▶ **Given entries**
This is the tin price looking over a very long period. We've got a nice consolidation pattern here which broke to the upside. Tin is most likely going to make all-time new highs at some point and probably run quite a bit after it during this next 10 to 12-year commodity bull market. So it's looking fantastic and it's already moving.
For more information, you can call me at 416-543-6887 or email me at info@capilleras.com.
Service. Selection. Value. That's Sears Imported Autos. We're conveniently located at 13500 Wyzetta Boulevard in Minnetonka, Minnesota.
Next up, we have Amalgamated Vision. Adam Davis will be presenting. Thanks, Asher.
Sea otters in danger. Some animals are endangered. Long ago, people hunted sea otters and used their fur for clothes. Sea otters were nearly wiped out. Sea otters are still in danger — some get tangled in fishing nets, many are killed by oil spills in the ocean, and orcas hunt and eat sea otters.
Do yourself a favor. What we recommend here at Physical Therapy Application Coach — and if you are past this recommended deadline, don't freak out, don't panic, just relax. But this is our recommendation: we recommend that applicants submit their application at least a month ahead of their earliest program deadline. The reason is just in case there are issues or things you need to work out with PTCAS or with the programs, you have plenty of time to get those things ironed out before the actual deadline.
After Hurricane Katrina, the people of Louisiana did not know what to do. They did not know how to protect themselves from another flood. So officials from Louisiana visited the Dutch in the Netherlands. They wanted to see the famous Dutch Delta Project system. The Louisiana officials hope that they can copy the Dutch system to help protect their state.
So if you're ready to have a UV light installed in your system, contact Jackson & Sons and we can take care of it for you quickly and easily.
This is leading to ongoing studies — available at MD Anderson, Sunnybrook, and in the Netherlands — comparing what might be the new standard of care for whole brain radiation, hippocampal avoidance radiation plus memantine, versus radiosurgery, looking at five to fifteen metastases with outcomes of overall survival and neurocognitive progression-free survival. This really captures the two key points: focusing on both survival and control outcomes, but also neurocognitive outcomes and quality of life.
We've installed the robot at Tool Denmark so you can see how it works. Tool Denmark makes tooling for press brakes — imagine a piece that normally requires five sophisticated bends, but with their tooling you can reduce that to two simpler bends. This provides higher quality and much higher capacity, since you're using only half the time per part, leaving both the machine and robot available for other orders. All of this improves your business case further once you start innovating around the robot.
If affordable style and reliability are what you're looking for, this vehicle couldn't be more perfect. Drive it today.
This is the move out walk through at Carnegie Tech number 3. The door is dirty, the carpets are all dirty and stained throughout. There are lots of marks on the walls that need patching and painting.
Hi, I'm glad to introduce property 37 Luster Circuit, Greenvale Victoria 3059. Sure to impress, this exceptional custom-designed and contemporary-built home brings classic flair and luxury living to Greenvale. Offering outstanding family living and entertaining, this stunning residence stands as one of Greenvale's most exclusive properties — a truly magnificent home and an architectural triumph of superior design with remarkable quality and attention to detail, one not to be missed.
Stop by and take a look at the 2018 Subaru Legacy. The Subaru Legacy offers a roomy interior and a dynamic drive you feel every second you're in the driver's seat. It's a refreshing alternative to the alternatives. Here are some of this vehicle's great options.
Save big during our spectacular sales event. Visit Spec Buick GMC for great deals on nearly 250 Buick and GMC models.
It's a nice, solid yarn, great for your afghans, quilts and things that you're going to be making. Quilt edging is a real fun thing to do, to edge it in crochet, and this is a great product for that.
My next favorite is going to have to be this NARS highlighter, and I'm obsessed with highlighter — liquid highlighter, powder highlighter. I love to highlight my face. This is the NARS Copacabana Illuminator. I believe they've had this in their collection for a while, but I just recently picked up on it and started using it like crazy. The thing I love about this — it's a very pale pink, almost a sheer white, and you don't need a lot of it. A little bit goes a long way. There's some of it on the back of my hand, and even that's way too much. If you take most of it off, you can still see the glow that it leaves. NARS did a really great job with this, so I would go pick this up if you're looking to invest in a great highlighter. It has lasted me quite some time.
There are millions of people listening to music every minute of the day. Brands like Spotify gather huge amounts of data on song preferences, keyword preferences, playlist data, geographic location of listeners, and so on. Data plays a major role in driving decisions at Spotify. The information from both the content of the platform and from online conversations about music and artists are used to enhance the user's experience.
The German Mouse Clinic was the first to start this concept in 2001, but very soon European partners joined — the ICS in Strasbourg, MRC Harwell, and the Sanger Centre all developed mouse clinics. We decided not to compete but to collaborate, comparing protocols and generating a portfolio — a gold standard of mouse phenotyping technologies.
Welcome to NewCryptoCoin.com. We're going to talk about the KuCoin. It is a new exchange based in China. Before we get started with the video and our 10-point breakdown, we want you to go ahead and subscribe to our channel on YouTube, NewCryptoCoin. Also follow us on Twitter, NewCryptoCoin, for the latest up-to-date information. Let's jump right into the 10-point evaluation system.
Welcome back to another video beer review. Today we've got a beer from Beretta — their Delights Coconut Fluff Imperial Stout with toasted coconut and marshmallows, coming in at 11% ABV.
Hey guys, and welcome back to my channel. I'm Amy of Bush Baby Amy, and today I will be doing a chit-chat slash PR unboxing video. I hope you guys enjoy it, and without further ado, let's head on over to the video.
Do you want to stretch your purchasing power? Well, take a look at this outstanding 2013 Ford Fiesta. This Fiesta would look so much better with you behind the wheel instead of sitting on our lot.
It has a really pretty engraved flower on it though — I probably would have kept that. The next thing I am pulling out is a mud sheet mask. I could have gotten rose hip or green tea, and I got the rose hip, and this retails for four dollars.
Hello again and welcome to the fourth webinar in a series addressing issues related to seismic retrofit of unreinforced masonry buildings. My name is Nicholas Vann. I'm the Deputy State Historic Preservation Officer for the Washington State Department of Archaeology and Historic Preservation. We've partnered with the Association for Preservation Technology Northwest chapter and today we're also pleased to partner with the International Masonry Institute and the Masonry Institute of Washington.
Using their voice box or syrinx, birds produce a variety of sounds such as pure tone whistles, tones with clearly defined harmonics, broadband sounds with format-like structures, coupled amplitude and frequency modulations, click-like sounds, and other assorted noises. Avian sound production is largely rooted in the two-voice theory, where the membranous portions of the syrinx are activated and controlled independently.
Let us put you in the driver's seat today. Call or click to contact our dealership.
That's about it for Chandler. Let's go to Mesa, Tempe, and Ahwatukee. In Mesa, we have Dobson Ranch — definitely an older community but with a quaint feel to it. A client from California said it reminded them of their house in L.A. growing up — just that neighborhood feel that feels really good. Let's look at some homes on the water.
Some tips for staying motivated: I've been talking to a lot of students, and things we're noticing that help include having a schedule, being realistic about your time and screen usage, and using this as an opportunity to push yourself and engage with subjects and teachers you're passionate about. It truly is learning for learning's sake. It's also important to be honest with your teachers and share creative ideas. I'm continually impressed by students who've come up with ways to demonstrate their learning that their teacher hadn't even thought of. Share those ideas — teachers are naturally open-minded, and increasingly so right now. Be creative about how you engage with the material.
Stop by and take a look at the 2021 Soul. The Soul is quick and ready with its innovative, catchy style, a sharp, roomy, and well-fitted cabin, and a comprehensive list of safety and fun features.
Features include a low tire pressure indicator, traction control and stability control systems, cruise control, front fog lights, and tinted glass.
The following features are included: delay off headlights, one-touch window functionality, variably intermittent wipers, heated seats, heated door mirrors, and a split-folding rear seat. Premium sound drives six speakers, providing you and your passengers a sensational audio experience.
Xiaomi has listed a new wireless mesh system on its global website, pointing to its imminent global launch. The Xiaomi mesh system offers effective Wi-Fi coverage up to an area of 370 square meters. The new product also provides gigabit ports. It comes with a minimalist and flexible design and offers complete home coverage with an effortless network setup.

▶ **Problem requirements**
In the entries above, find each line that has the word "during". Copy it.

▶ **Result of this task**
This is the tin price looking over a very long period. We've got a nice consolidation pattern here which broke to the upside. Tin is most likely going to make all-time new highs at some point and probably run quite a bit after it during this next 10 to 12-year commodity bull market. So it's looking fantastic and it's already moving.
Save big during our spectacular sales event. Visit Spec Buick GMC for great deals on nearly 250 Buick and GMC models.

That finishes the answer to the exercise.